Bear in mind, we had weeks of bug testing just to get the site to render properly on all five main browsers. So, those 72 hours were not a fun period… we were pointing out issues, getting new code, testing it, finding more bugs caused by the fixes, and submitting changes. After the 72 hours were done… I realized “hey, all the bugs we even noted aren’t fixed… and the fixes created new bugs!”

At first, Leanne wanted to start quoting me rates to fix the bugs. I shut that notion down quickly. But, she still had to seek approval from her boss to finish the job, since it had stretched beyond the 72 hour window.

Typically, web designers assure that their templates will be bug-free with the version of the software they’re targeting. For example, we’re running WordPress 2.3.x on PhoneNews.com. Typically, a designer will assure the code is bug free for WordPress 2.3, and when WordPress upgrades (say, to 2.5, the next version), we would be quoted a fee to do the upgrade.

E.Webscapes however does not do this. They don’t assure a bug-free design when everything’s done, the onus is on you to find all the bugs within 72 hours. This is why I cannot reccomend E.Webscapes unless you negotiate this change out of the agreement. That’s not to say by any means that the quality of the finished work they did is bad in any way… it’s very good. But, they’re already a premium WordPress design company.

They charge a high price for quality work. With no long-term comittments that the work they did is actually of a high quality (as in, bug-free), your users will probably wind up reporting bugs with the design a week after you deployed it.

Personally, I wanted to avoid deploying the design before it was finished. Now, I’m glad I did… users were the ones that came forward with many of the bugs. I doubt we would have found all of them within 72 hours, even with user feedback in that small of a window.

In fact, we did find a bug that was after the 72 hour window. We asked for Leanne to “pause the loop” at one point, a technique I actually discovered in Lisa’s book (which, like many For Dummies books, actually has lots of good information even for savvy users). However, Leanne did not implement the code properly. The loop was paused after every post, we wanted it to only pause after a single post (so we can inject content in-between, say, the second and third article). I can fix it myself… but this blasted 72 hour approval window really strains relations.
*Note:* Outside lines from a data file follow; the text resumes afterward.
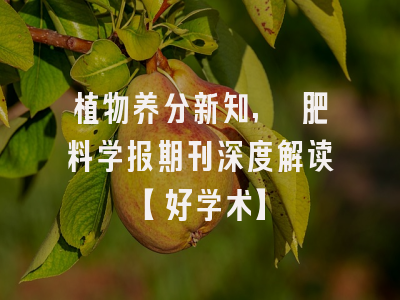 植物养分新知, 肥料学报期刊深度解读【好学术】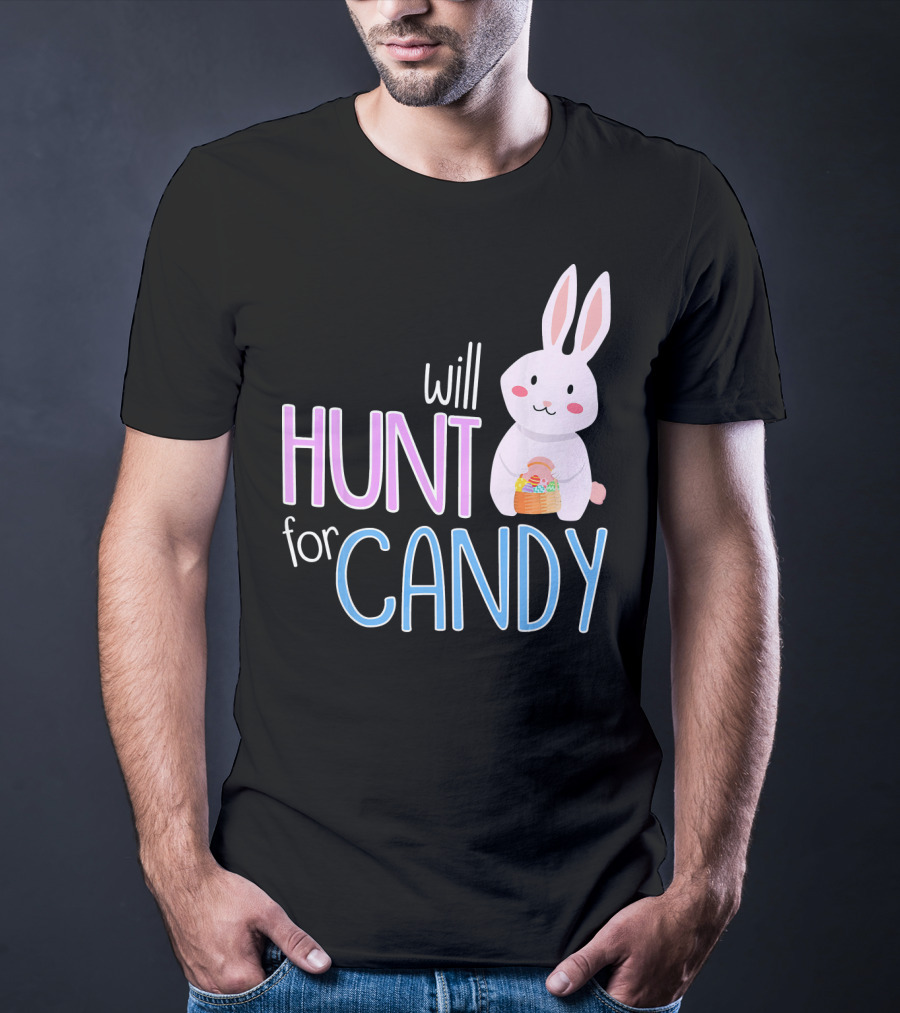 Will Hunt For Candy Bunny Easter Kids Funny Egg T-Shirt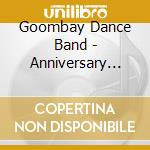Goombay Dance Band - Anniversary Collection cd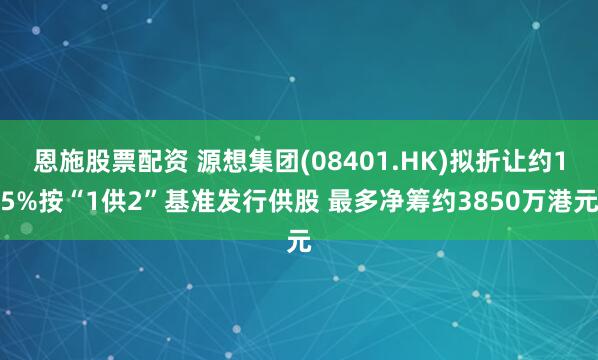 恩施股票配资 源想集团(08401.HK)拟折让约15%按“1供2”基准发行供股 最多净筹约3850万港元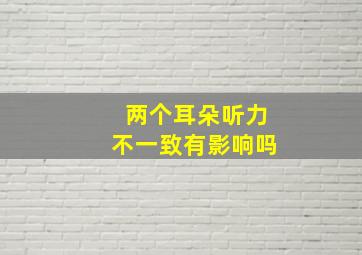 两个耳朵听力不一致有影响吗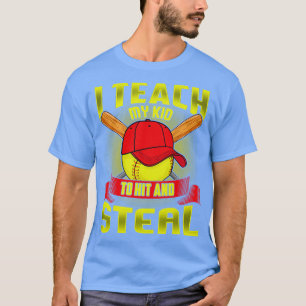 Softboll jag lär min unge att slå och stjäla t shirt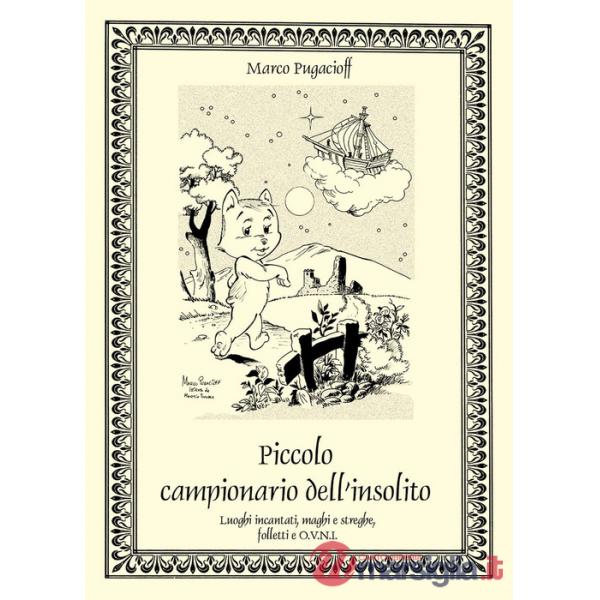 Piccolo campionario dell'insolito. Luoghi incantati, maghi e streghe, folletti e O.V.N.I.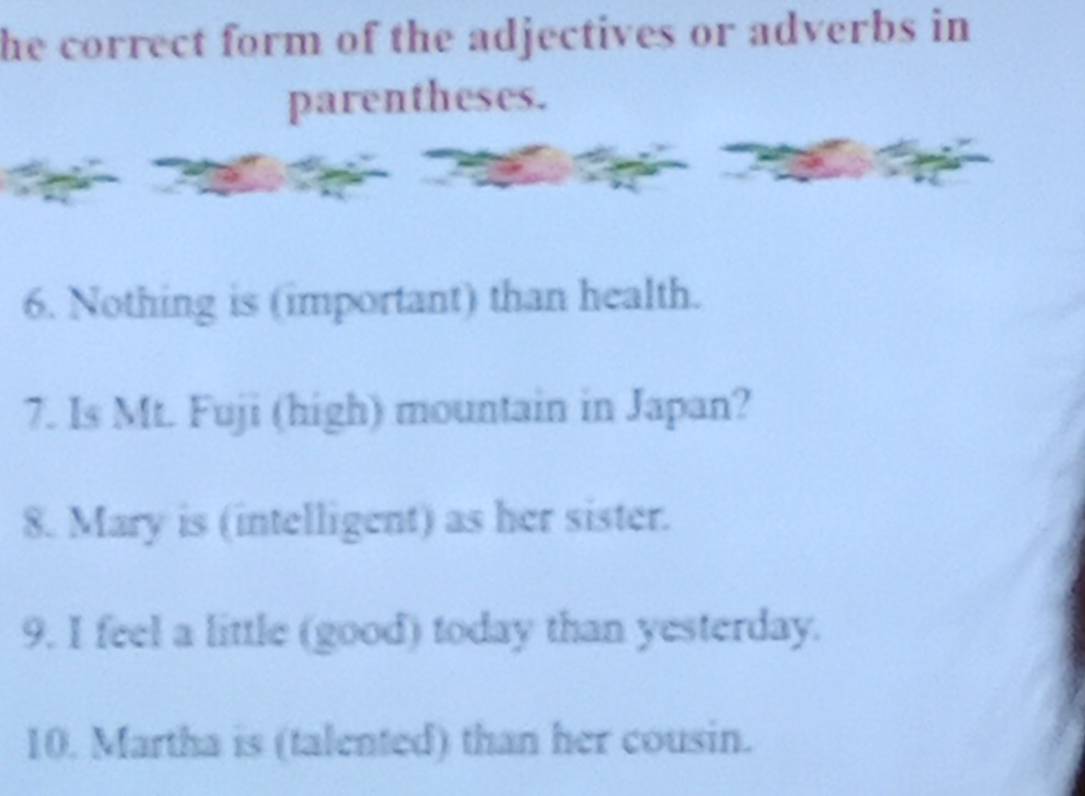 he correct form of the adjectives or adverbs in 
parentheses. 
6. Nothing is (important) than health. 
7. Is Mt. Fuji (high) mountain in Japan? 
8. Mary is (intelligent) as her sister. 
9. I feel a little (good) today than yesterday. 
10. Martha is (talented) than her cousin.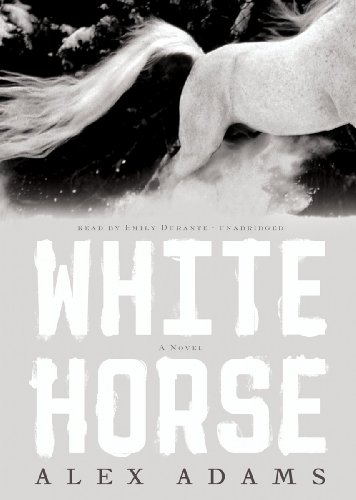Stock image for White Horse: A Novel (White Horse Trilogy, Book 1) for sale by The Yard Sale Store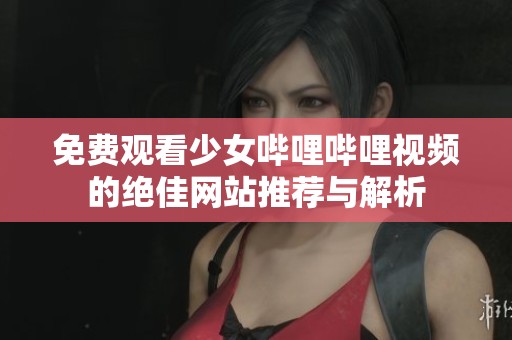 免费观看少女哔哩哔哩视频的绝佳网站推荐与解析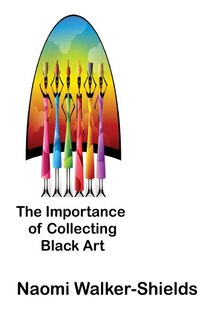 Front cover_The Importance of Collecting Black Art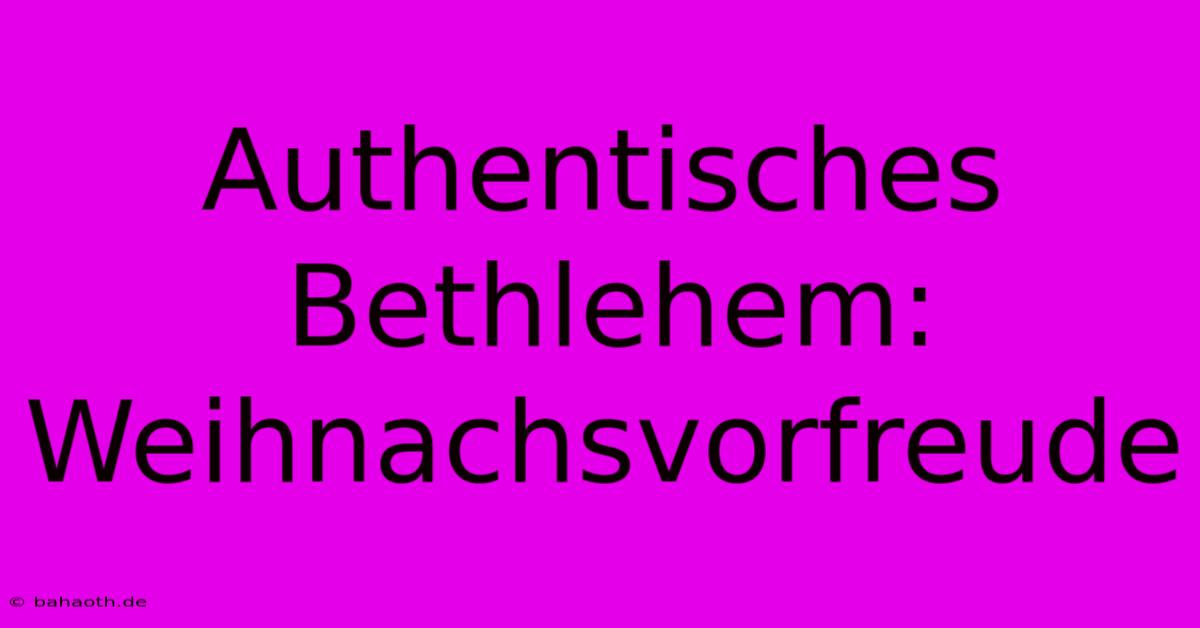 Authentisches Bethlehem: Weihnachsvorfreude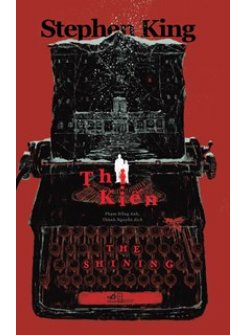 Thị Kiến - The Shining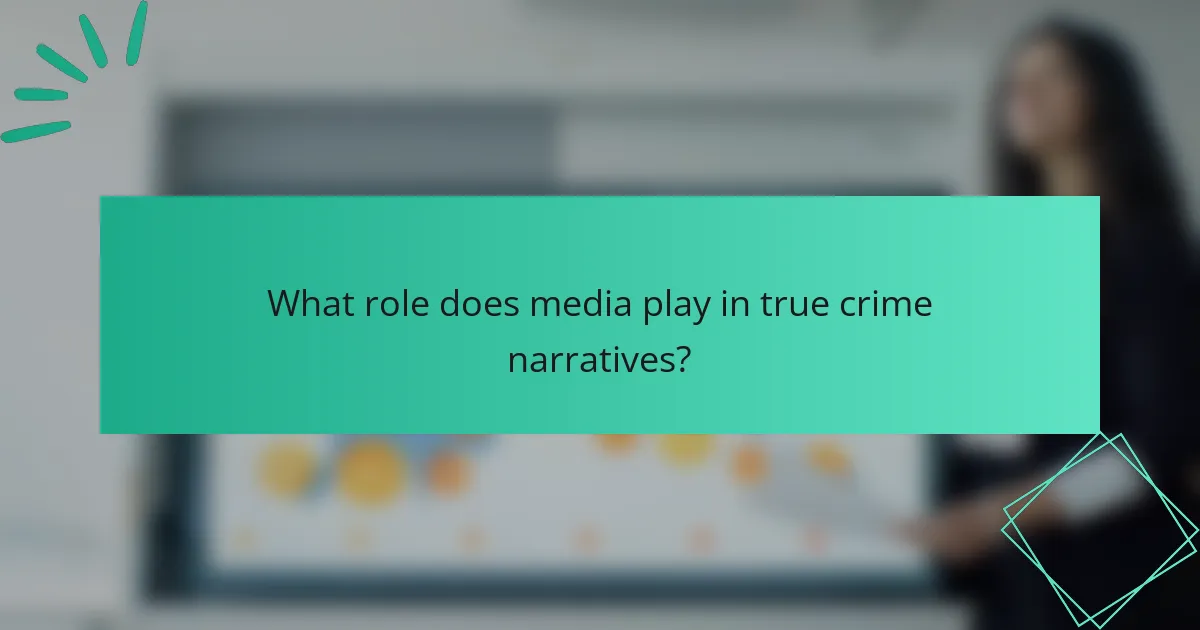 What role does media play in true crime narratives?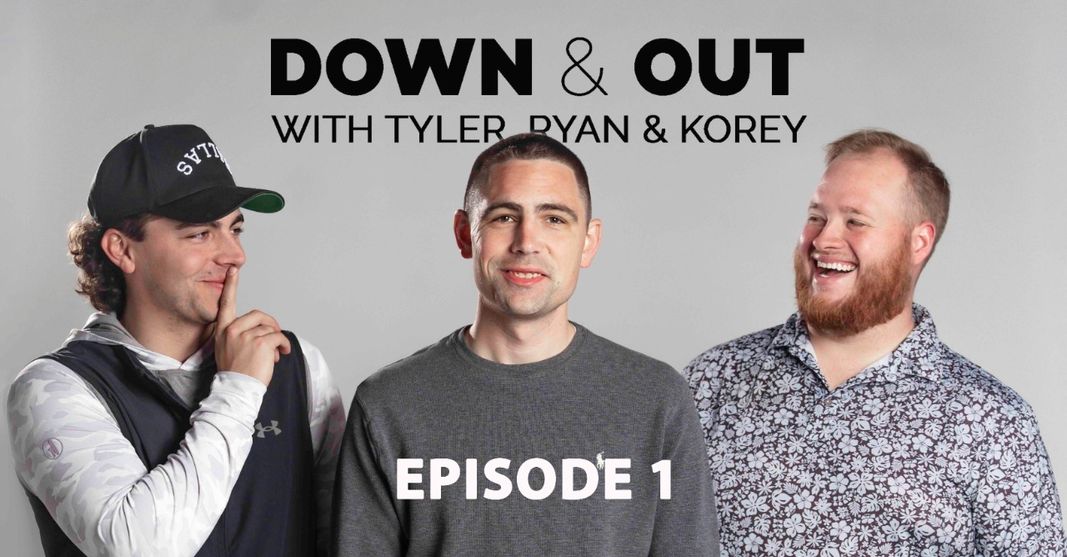 Down & Out with Tyler, Ryan and Korey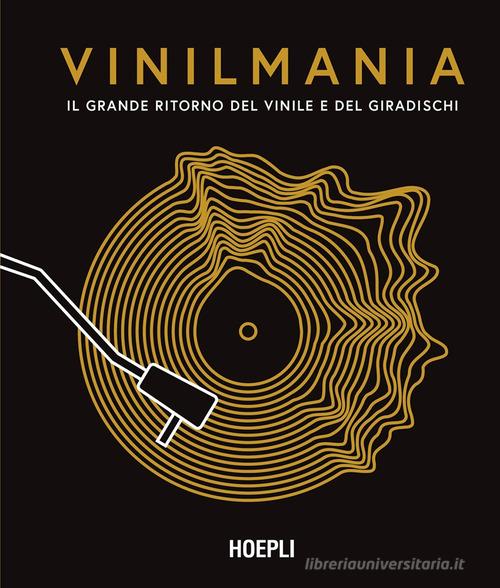 Vinilmania. Il grande ritorno del vinile e del giradischi di Matt Anniss, Gaar Gilian, Ken Micaleff edito da Hoepli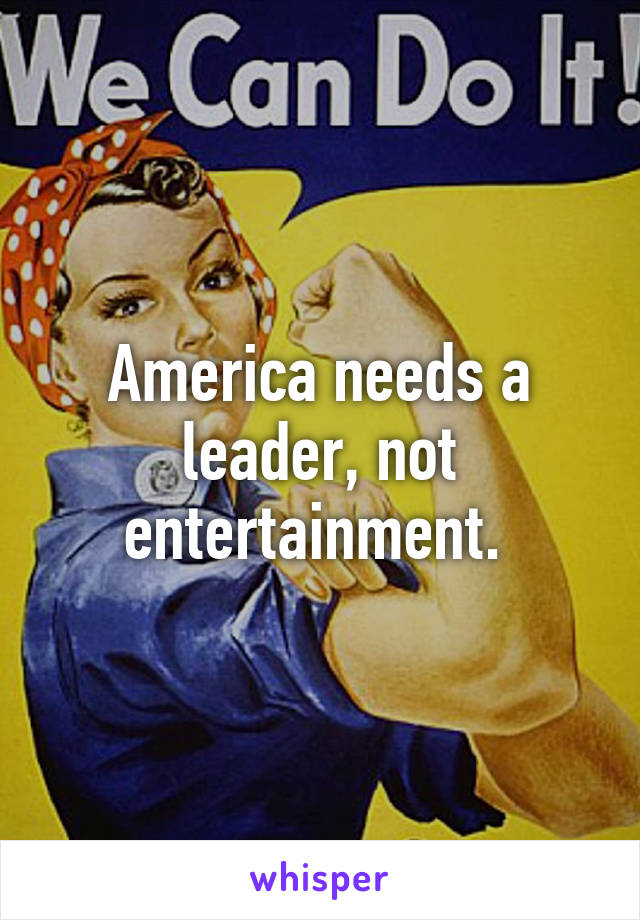 America needs a leader, not entertainment.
So, should you use E.Webscapes? I would certainly recommend getting them in your quote list for a new WordPress design. However, when you go into the quote, one of your first qualifications for the job should be that they commit to bug-fixing support at least on the version of WordPress that you deploy on. If that raises the cost of the quote, fine… take that into consideration when comparing their work to the other designers that you are quoting.